Exercise directions
In the records below, find the line that contains "Input your vehicle" and the line that contains "So here we are", then retype exactly those two lines and every line between them.

Input material
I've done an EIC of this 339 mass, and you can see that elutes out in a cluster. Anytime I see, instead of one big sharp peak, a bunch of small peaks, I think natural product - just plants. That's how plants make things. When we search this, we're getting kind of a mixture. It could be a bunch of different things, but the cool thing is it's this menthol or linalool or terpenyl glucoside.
--
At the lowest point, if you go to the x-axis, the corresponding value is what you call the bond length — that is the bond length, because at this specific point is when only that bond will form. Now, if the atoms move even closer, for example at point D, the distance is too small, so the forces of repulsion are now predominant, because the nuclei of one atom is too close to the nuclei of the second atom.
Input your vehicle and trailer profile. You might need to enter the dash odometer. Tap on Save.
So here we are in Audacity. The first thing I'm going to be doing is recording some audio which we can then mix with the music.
...
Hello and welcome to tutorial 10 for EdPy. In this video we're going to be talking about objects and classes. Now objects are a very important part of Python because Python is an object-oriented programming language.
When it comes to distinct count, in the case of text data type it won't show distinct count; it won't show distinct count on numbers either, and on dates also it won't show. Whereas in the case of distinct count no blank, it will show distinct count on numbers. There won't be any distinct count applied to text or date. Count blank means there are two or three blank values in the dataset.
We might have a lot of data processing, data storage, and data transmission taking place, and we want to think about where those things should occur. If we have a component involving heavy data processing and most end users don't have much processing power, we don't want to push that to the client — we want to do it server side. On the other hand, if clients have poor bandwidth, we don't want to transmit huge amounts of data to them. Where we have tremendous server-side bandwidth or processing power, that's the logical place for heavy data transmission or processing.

The answer
Input your vehicle and trailer profile. You might need to enter the dash odometer. Tap on Save.
So here we are in Audacity. The first thing I'm going to be doing is recording some audio which we can then mix with the music.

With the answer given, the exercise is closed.